It uses 10"blade with the hole opened up to .1872(3/16) dia. and you can use a 12" by putting the hole were needed. It can cut up to 4"square piece of what ever and runs at 175 strokes a min.


----------



## cajun lathe (Jul 18, 2014)

Josh you do good work that saw looks great and built to last, would love to have some plans if you make the available, that is so cool, they cut better than a band saw, thanks, Cajun Lathe


----------



## zetuskid (Aug 20, 2014)

That's about the finest hack saw I've seen on the net. Great job. Dito on the plans.:allgood:
zetuskid


----------



## toolman_ar (Sep 9, 2014)

Josh,
Can you expand on how your auto shut off works?

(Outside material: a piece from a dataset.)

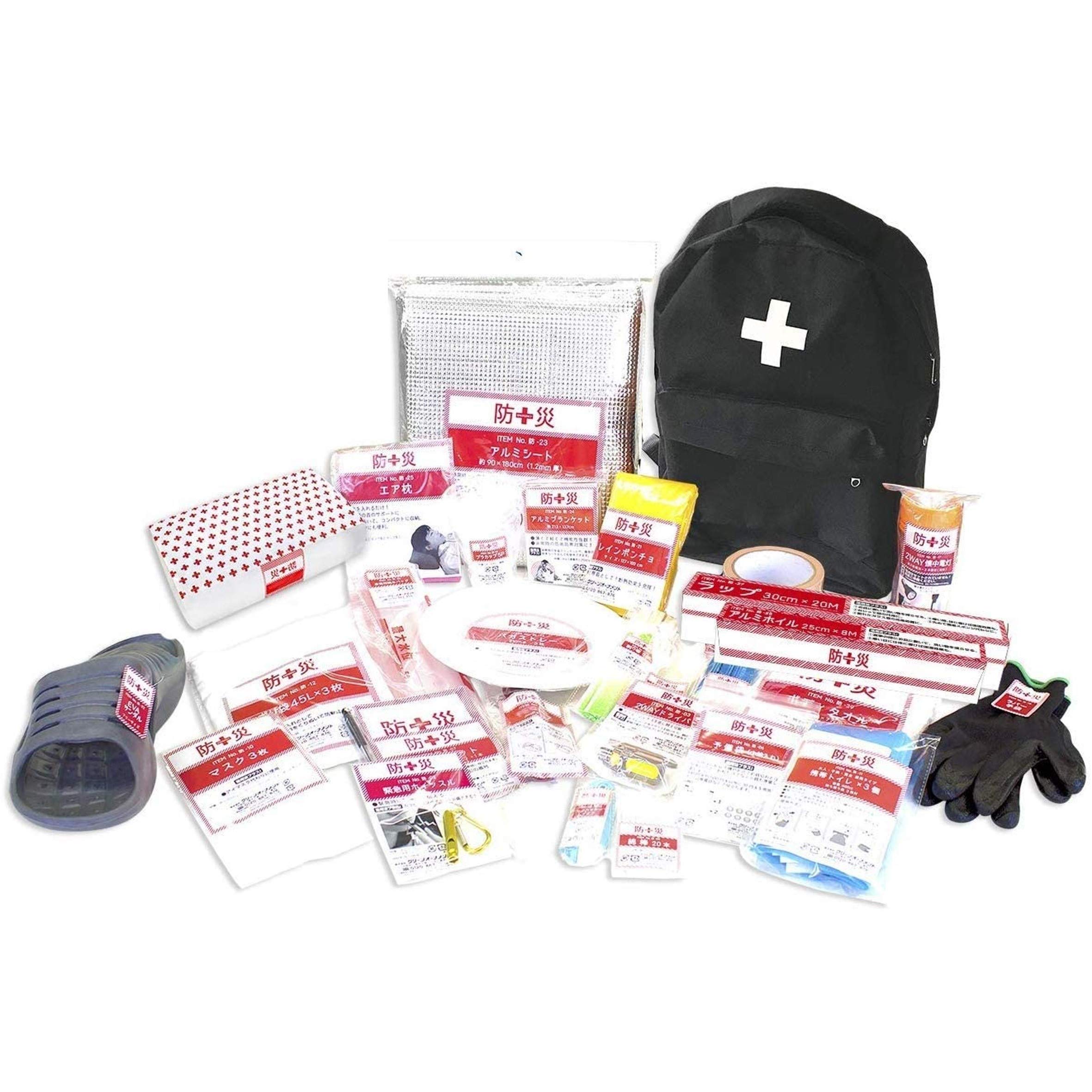 山善(YAMAZEN) 防災リュック 30点 セット 【防災士監修】 一次避難用 給水バッグ 携帯用トイレ 大容量 ブラック YBG-30(BK)商品画像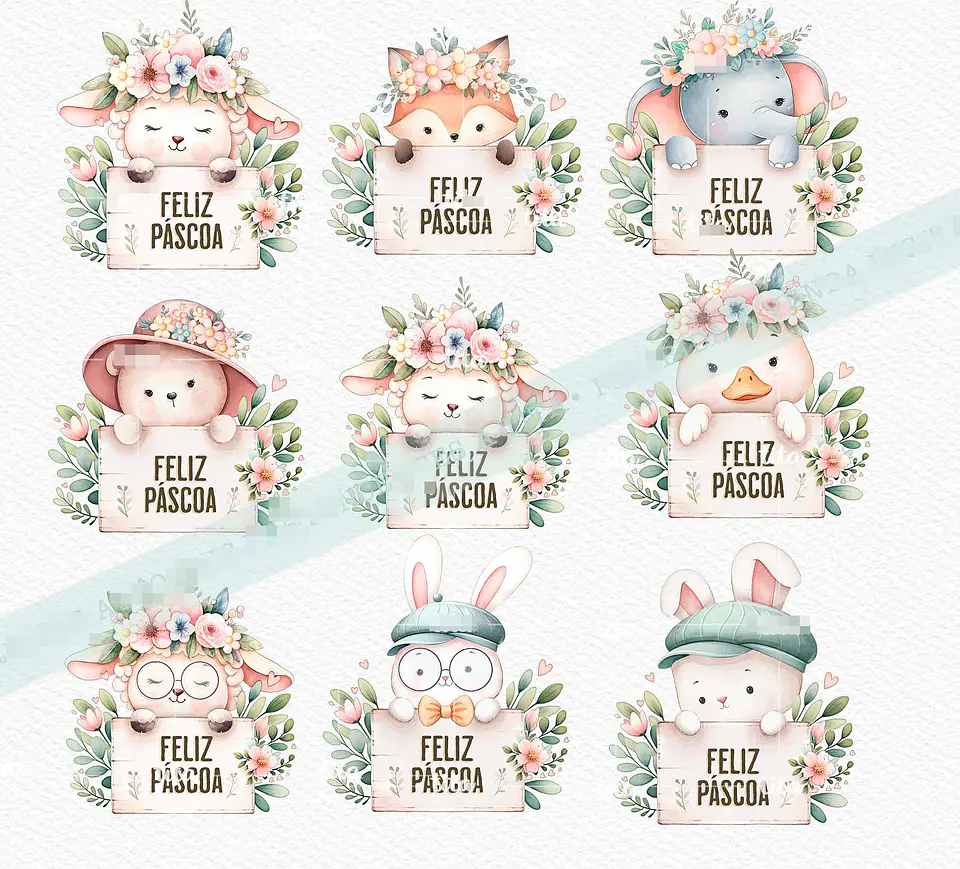 Kit Digital Páscoa Cut Bunnies em Png   6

I need to make something for my Marvel.

toolman_ar


----------



## Hardly (Sep 21, 2014)

toolman_ar said:


> Josh,
> Can you expand on how your auto shut off works?
> 
> I need to make something for my Marvel.
> ...



I have an old craftsman power hacksaw. I used a switch off a wayne upright sump pump. I mounted it on a piece of 1 1/2" angle iron that was slotted so I could move it up or down to change the shut off point. The lever of the switch sticks out about 1 1/2" and contacts the bottom of the carriage as the machine cuts and the carriage lowers. I have it set to shut off just after the cut if finished. The reason I went with this type of switch instead of something like a limit switch was that after the cut is made you have to manually reset the switch for the machine to restart. I was afraid that if I used a limit switch someone that wasn't familiar with the machine would pick up the carriage, without shutting off the main power switch, and it would scare the bejesus out of them and possibly someone would get hurt. There is probably a better solution for a switch but this is what I happened to have and it has worked very well for years.


----------